Eleutério é um sujeito estranhamente comum. Não é que ele não creia em deuses. Ele não crê nos homens. Assim, não crê nas igrejas feitas pelos homens. Simples assim. Essa descrença, contudo, não o afastou da religião, pelo contrário, levou-o a viver dela. Um descrente com formação em mercado soube como agarrar-se às oportunidades geradas pelas crenças de outrem. Além de crer na descrença, Eleutério crê piamente na preguiça, que seria o quarto pecado capital nas listas do Papa Gregório I e de Tomás de Aquino. A preguiça sempre abriu mercados e, aliada ao telefone, faz milagre econômicos. Ninguém compraria água, em bombonas de 20 litros, se tivesse que carregá-las escada acima. Para isso existem os tele-escravos. Hipoteticamente, águas são apenas águas, H2O e sais minerais, diferindo apenas em função da torneira de onde saíram. Portanto, a escolha por esta ou aquela água tem a ver com o seu preço e com o asseio do motoboy, nessa ordem. Essa mesmice levou o mercado a ansiar por um diferencial. Água com sabor, talvez. A idéia chegou a tentar a criatividade do Eleutério, mas ela deixaria de ser apenas água.

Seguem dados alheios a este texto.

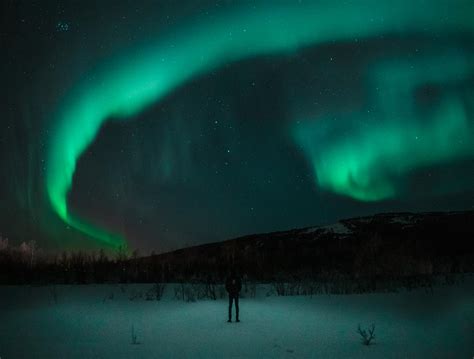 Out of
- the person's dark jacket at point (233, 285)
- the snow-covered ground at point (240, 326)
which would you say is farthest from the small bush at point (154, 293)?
the person's dark jacket at point (233, 285)

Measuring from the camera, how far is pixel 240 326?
37.9ft

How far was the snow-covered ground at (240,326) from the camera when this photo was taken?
901 cm

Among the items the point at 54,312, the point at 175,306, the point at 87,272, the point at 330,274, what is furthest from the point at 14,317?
the point at 330,274

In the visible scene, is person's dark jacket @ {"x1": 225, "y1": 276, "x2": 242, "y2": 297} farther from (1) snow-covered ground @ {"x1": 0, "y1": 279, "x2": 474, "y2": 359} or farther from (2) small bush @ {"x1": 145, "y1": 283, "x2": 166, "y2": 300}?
(2) small bush @ {"x1": 145, "y1": 283, "x2": 166, "y2": 300}

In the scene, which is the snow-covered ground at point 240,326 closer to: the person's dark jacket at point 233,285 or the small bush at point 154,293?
the small bush at point 154,293

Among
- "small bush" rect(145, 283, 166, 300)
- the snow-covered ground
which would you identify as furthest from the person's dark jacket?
"small bush" rect(145, 283, 166, 300)

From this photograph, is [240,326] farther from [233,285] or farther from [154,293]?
[154,293]

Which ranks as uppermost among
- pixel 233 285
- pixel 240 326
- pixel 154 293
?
pixel 233 285

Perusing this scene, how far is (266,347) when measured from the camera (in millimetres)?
9305

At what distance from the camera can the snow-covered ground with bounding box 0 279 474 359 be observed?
9008 mm

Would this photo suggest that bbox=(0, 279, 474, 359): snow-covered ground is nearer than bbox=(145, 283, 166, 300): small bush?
Yes

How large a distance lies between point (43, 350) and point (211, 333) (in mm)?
3466

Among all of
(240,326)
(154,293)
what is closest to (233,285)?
(240,326)

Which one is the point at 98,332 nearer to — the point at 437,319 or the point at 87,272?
the point at 437,319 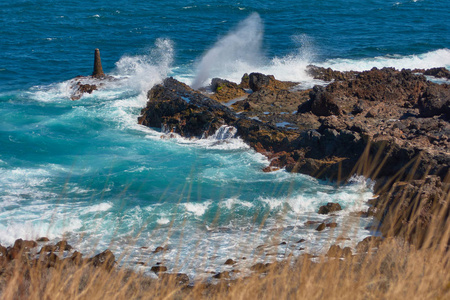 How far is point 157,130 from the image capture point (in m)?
17.8

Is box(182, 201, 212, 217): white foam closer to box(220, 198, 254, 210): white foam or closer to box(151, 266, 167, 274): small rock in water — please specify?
box(220, 198, 254, 210): white foam

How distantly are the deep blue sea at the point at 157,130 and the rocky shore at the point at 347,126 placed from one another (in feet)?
1.91

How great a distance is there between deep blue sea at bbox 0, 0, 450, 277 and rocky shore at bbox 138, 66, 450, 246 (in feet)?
1.91

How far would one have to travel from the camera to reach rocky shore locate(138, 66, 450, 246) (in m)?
10.3

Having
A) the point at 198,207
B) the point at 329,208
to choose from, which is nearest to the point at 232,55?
the point at 198,207

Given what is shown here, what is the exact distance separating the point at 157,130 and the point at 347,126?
7432mm

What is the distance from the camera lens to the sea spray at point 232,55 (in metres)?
24.8

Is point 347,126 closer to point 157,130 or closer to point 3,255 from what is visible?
point 157,130

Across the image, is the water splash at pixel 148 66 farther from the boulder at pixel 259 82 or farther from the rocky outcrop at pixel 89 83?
the boulder at pixel 259 82

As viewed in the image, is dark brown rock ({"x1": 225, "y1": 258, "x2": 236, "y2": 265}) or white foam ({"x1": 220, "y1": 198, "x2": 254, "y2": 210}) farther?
white foam ({"x1": 220, "y1": 198, "x2": 254, "y2": 210})

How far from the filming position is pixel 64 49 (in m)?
31.4

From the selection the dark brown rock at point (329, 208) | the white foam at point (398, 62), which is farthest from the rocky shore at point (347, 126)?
the white foam at point (398, 62)

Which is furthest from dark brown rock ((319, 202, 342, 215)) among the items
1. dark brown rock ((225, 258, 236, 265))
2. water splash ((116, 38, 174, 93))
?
water splash ((116, 38, 174, 93))

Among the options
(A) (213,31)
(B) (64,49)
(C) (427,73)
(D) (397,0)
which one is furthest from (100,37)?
(D) (397,0) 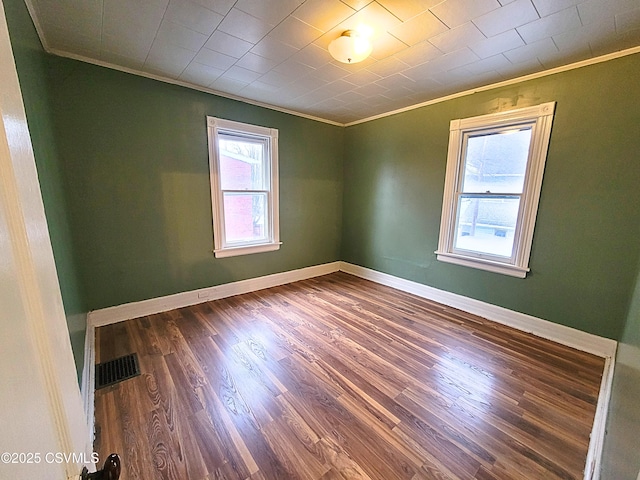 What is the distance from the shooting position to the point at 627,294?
7.04 ft

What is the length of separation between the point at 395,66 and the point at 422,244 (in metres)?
2.09

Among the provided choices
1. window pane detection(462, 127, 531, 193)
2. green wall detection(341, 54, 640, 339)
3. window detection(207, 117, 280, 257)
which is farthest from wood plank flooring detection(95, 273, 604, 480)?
window pane detection(462, 127, 531, 193)

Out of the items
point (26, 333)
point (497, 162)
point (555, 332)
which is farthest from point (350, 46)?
point (555, 332)

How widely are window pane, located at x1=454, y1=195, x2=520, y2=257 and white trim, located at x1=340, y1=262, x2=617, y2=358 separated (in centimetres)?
62

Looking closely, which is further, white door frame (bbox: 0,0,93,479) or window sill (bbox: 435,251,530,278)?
window sill (bbox: 435,251,530,278)

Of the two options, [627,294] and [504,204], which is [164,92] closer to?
[504,204]

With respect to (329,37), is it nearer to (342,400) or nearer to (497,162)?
(497,162)

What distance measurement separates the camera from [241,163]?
11.2 feet

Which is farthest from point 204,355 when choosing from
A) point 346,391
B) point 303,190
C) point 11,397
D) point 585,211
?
point 585,211

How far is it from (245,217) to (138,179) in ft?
4.12

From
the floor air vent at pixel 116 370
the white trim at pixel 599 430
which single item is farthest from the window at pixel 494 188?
the floor air vent at pixel 116 370

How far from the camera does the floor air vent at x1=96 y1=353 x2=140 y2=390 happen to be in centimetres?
188

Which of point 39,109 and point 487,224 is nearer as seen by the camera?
point 39,109

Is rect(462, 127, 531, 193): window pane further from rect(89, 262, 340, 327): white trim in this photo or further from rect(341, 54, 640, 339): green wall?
rect(89, 262, 340, 327): white trim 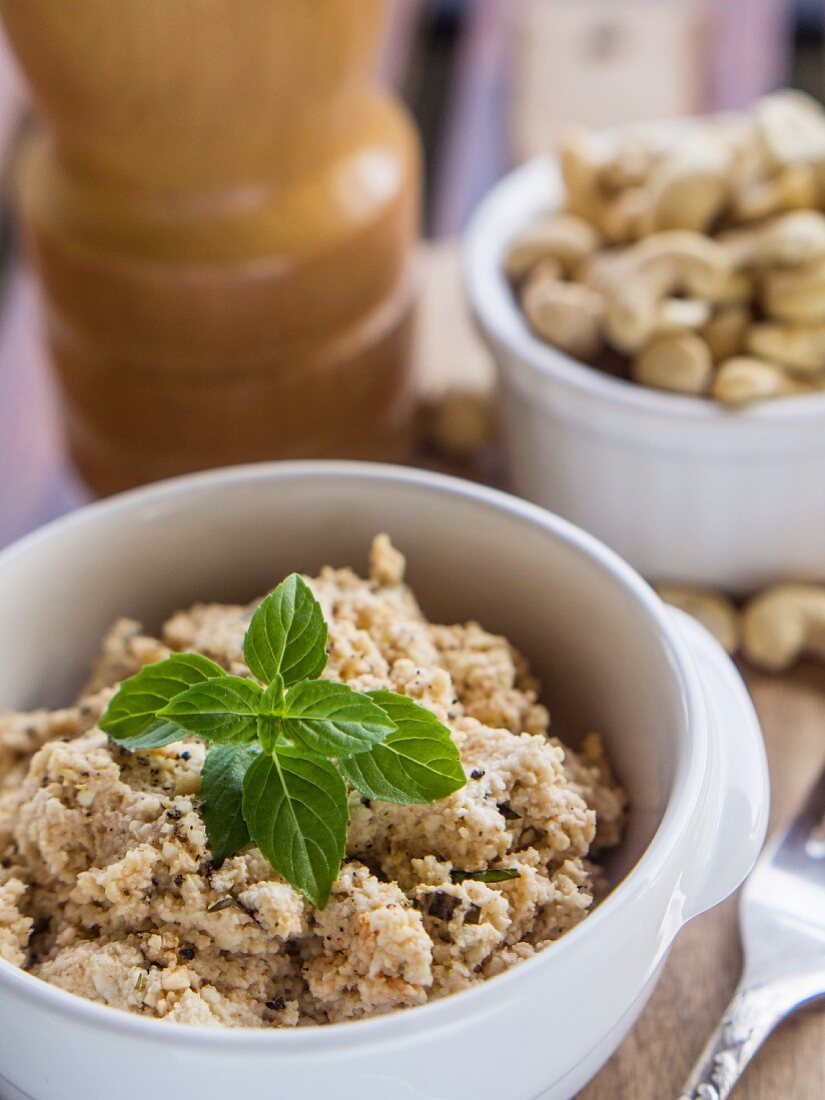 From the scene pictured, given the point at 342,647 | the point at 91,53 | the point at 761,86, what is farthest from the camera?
the point at 761,86

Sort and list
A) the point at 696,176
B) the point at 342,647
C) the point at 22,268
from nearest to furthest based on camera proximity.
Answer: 1. the point at 342,647
2. the point at 696,176
3. the point at 22,268

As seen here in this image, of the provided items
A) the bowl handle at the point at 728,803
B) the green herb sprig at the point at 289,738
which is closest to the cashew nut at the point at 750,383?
the bowl handle at the point at 728,803

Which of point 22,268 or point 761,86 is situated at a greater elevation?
point 761,86

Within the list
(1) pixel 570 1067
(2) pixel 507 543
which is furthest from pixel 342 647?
(1) pixel 570 1067

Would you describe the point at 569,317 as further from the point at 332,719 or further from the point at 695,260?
the point at 332,719

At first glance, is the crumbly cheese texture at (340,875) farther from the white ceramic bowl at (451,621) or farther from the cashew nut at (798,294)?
the cashew nut at (798,294)

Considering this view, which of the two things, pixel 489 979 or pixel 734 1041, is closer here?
pixel 489 979

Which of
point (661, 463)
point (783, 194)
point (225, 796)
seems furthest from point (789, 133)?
point (225, 796)

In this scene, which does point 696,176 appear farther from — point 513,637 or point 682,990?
point 682,990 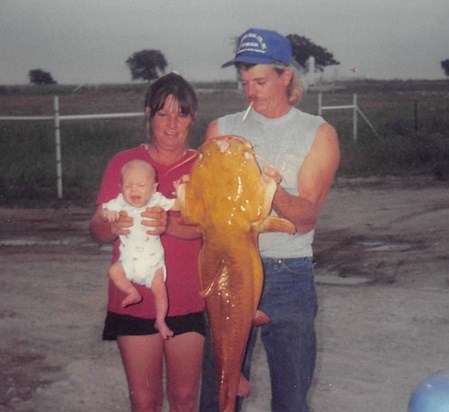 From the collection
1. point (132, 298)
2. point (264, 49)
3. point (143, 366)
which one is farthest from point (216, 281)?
point (264, 49)

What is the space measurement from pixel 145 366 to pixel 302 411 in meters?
0.62

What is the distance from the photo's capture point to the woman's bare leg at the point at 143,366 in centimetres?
331

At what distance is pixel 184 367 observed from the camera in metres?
3.38

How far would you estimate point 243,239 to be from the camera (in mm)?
2682

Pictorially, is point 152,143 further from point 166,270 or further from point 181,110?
point 166,270

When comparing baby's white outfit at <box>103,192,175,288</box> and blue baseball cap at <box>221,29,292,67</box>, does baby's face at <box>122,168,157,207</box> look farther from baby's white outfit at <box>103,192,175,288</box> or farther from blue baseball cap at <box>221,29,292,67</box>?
blue baseball cap at <box>221,29,292,67</box>

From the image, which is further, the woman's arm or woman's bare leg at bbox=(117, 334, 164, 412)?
woman's bare leg at bbox=(117, 334, 164, 412)

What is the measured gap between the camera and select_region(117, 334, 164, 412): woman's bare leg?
3.31 m

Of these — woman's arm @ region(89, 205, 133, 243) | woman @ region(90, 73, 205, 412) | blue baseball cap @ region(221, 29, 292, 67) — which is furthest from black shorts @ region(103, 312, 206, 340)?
blue baseball cap @ region(221, 29, 292, 67)

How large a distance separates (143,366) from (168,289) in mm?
295

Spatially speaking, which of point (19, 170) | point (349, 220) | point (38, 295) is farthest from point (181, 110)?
point (19, 170)

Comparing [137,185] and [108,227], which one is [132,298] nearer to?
[108,227]

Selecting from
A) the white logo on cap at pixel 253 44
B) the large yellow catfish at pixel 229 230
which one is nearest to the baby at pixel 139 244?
the large yellow catfish at pixel 229 230

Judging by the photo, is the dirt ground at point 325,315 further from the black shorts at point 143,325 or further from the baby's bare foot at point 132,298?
the baby's bare foot at point 132,298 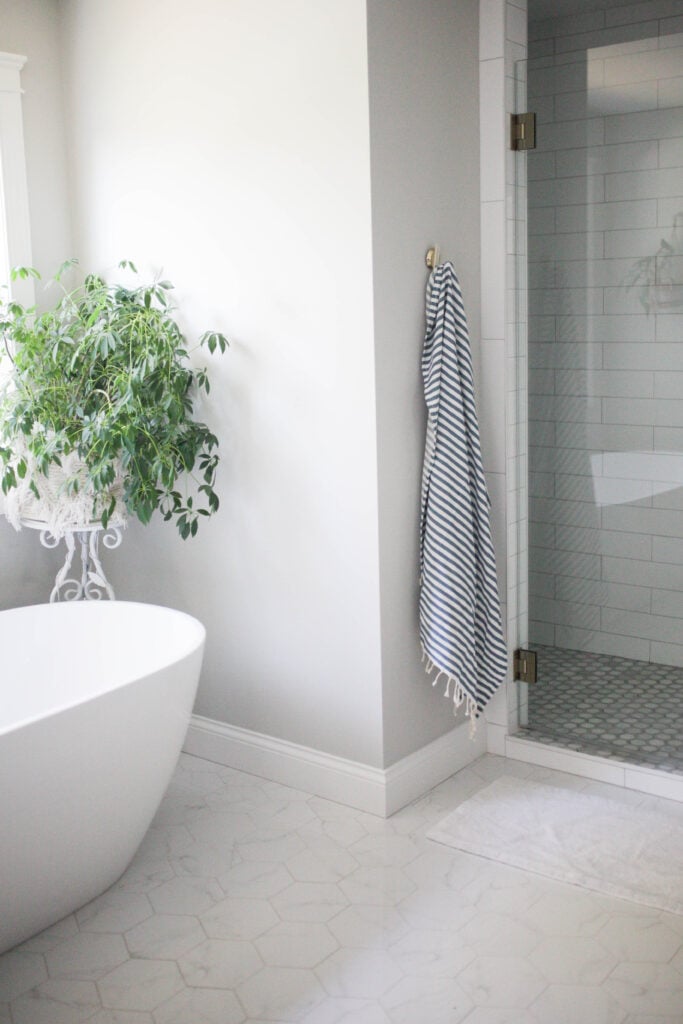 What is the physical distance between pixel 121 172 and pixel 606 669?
231cm

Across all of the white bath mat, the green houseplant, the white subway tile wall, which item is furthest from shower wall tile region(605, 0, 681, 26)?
the white bath mat

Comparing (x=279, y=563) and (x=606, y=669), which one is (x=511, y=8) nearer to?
(x=279, y=563)

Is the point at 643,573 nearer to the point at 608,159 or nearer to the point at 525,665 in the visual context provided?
the point at 525,665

O estalo surgiu numa subida à Serra, enquanto ele almoçava em Bento Gonçalves. Água benta! Eleutério desceu de Bento e criou a primeira tele-entrega de água benta. Vinte litros de água benta entregues no topo da escada pelo motoboy vestido de frei. Foi sucesso absoluto. Vende como água. Aos mais críticos, ele alega que nunca afirmou que a água seria abençoada, ela vem de Bento, portanto, é benta. Depois, veio a água benta com gás, afinal, um pouco de CO2 não é pecado.  Eleutério não dorme no ponto e sabe que a concorrência logo vem. Está sempre criando. De uma conversa com fiéis, a respeito da falta de gosto das hóstias, veio a idéia de oferecê-las nos sabores pizza, churrasco e banana com canela. Se uma hóstia, por si, não é consagrada, falta o quê? O vinho, não um vinho qualquer. Logo, Eleutério criou a cesta de consagração, com um rodízio de sete sabores de hóstias – dois doces – e uma garrafa de vinho litúrgico varietal. Noutro rompante de criatividade, Eleutério criou o ajoelhador anatômico, tornando o ato de se ajoelhar  em algo mais civilizado. Ele vende uma tabua leve que é presa aos joelhos, através de velcro, permitindo ao fiel ajoelhar-se enquanto sentado ou deitado comodamente.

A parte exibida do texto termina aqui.